Heaven is music, and thy beauty's

Birth is heavenly.

These dull notes we sing

Discords need for helps to grace them;

Only beauty purely loving

Knows no discord;

But still moves delight,

Like clear springs renew'd by flowing,

Ever perfect, ever in them-

selves eternal."

Interest renewed in the early 19c.; Tennyson as mentioned contributed a couple, including:

"O mighty-mouth'd inventor of harmonies,

O skill'd to sing of Time or Eternity,

God-gifted organ-voice of England,

Milton, a name to resound for ages..." (alcaics)

Robert Bridges took Stone's system & really tested it, from 1903 on. They were as successful as any of his experiments:

"From the minutely measur'd vacillation of Uranus, augur'd

Where his mighty brother Neptune went wandering unnamed

And thro' those thousand-million league darknesses of space

Drew him slowly whene'er he passed, and slowly released him!..."

&

"When to my lone soft bed at eve returning

Sweet desir'd sleep already stealeth o'er me,

My spirit flieth to the fairy-land of

her tyrannous love..." (sapphics).

some of mine

Though the red fox may possess a wealth of ingenious tricks,

they're nothing, next to the grandeur of the single hedgehog's.

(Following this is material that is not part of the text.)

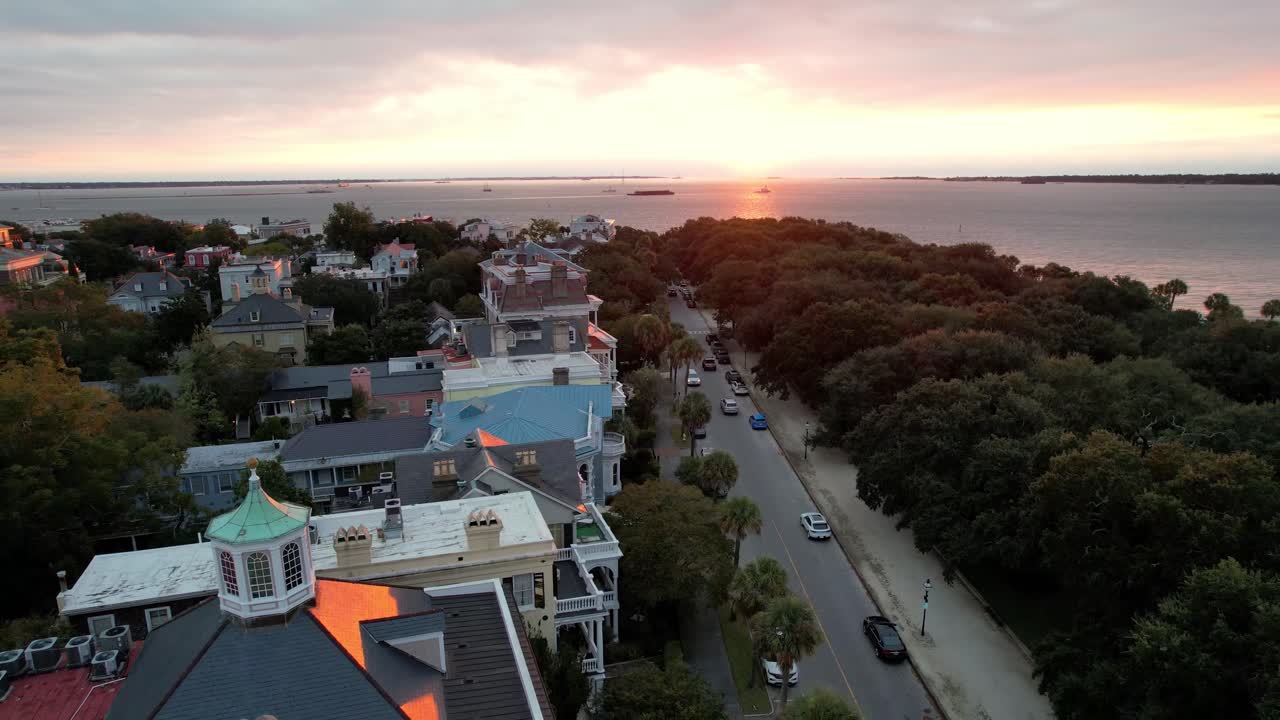 해가 뜰 때 사우스캐롤라이나주 찰스턴 sc의 배터리를 따라 유서 깊은 주택으로 공중 철수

Mystic Talion (praxilleions)

Once in dim musty cavernous den I was peeling

shards from a boiled egg, & Dean watching like a gentle

woozy black bear, his puzzled look that fixed on my egg

impelling me to laugh, quietly told with great grief

how never because of unsteady hands had he been

able to peel an egg like that without it tearing.

Hardly did he stutter or spit to say this; I gave

over the whole egg then: "You could fetch us out of jail though,

where other frantic efforts bid in vain to free us."

Cynthia lately confessed to me how although she

tried many things, none had lasted her more than two months;

fearing that she'd never discover focus or path

for long, her life would've wasted in aimless wand'rings...

I said, "But you've been one year pressing into my heart." (1987)

(anacreontics)

in that orchid hour where i

many times had waited to warm,

shiver-stilled and after dreams, blank

with not even hope of first gold...

in that hour often my last

among trees, before the hitchhike

miraculous or delayed, toward

some unknown entanglement, or

nothing, just a maze of concrete...

in that poising hour i might

not have to believe that my way

was constrained from going freely,

was the cage it soon would turn to...

but that hour i thought lost, now

all banished from my clockdial, i

discovered intact and perfect

on returning to the same place. (1986)

(sapphics)

Hearing feet-scissored "swish swish" thru the curved grass

I was minded how little, out of my drab

daily wand'ring, ends in the pages I cram

closely with ink paths.

Who, then, goes this way of long zigs & short-zag

brain tremors? In darkness but sighted, slow bat

wheeling peregrine among starry fields... Can

these other, hijacked

perpetu'lly by error, incident, fad

or errand of hope, ever find some true map

for the day's seductive disorder? My graph

turns all drawings black.

(Later I investigated some of the Arabic meters, which do seem more suitable for English. Perhaps I will continue in that direction, if I resume.)